You'd think that by now every relevant measure of stock market overvaluation would have been converted into a chart and circulated throughout the blogosphere. But Zero Hedge has come up with a new one depicting how long the typical wage slave has to work to buy the typical stock. And – surprise – it shows historic, egregious overvaluation which, if history is any guide, implies a crash is close at hand.

Hous an American has to work to buy the S&P500

How did workers come to be priced out of their slice of the American capitalist pie?

First, an ever-rising share of the new wealth being created – in the form of corporate profits – is being siphoned off by said corporations, leaving less for the people depicted in the above chart.

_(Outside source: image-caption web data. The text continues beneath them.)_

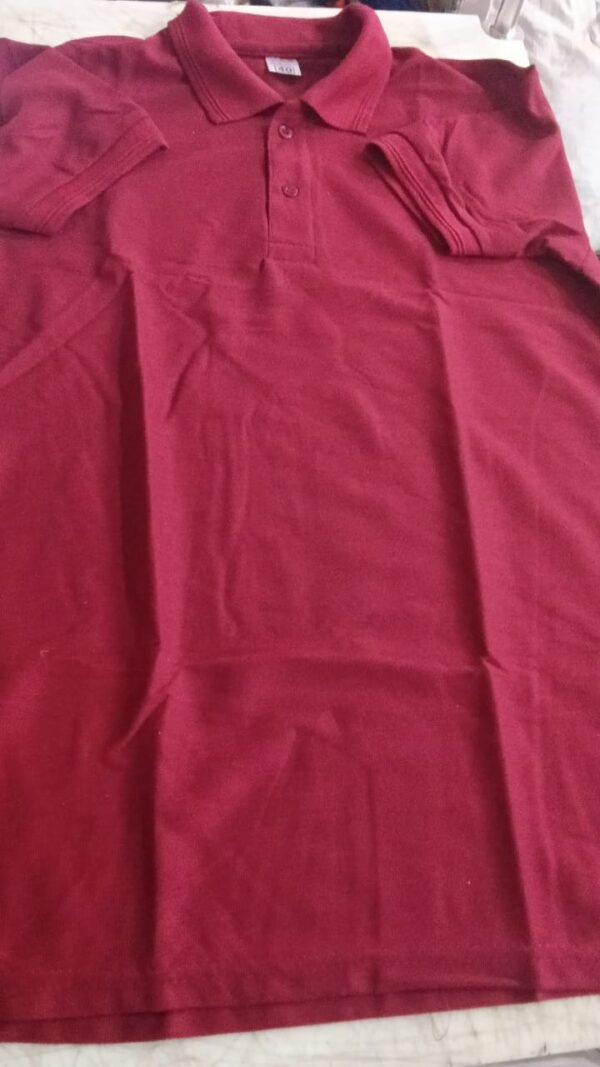 Mens Red Color T Shirt Size 40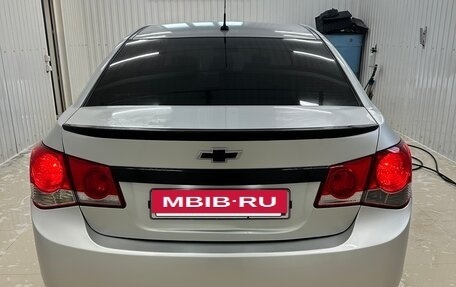 Chevrolet Cruze II, 2010 год, 800 000 рублей, 4 фотография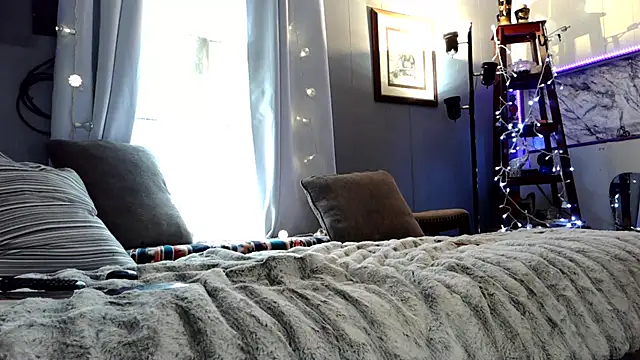 Snapshot of Genevieve143 chatting on November 30, 2025, 9:15 pm Genevieve143 online show from November 30, 2025, 9:15 pm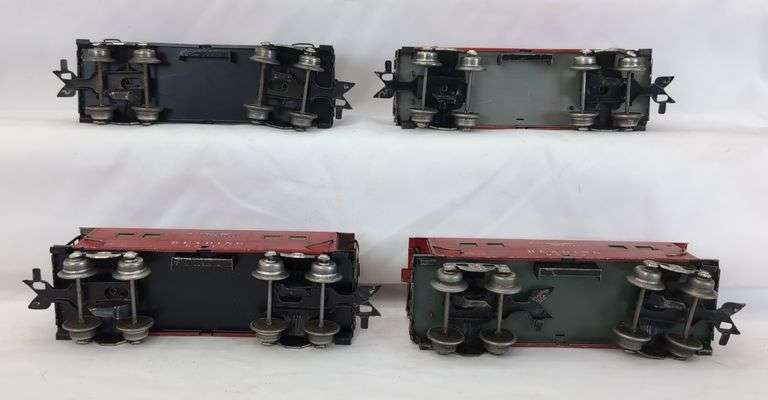 Lot of 11 Marx O Gauge lithographed tinplate Cabooses - 20102 NYC & 92812 Reading Lines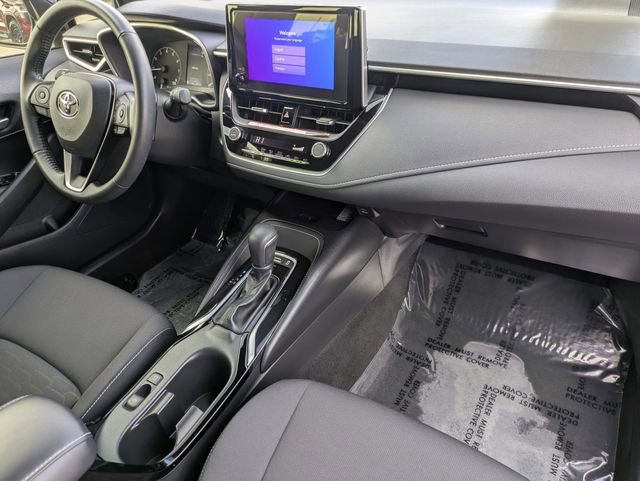 Used 2025 Toyota Corolla SE w/ SE Package image 31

Labor's Share of Corporate Income

Second, monetary policy has been so insanely loose in recent decades that the hot money thus created is pouring into equities, pushing up their market value.

5-Year Dow Chart

Combine these two trends and you get greater concentration of wealth at the top and increasing difficulty on the lower rungs of the economic ladder. Which in turn explains President Trump, Brexit, Marine Le Pen and all other manner of political upheaval around the world. Middle and formerly middle-class voters, who overwhelmingly outnumber the 1%, are done being harvested and will now vote for anyone, right or left, who promises to take back what's been stolen.

So yes, history remains a good guide to the future. But maybe a different slice of history. Instead of 1999 or 2007, where stock market crashes were followed by a return to more-or-less statistically normal times, the French Revolution or the 1929 crash, after which things changed radically, might be worth studying.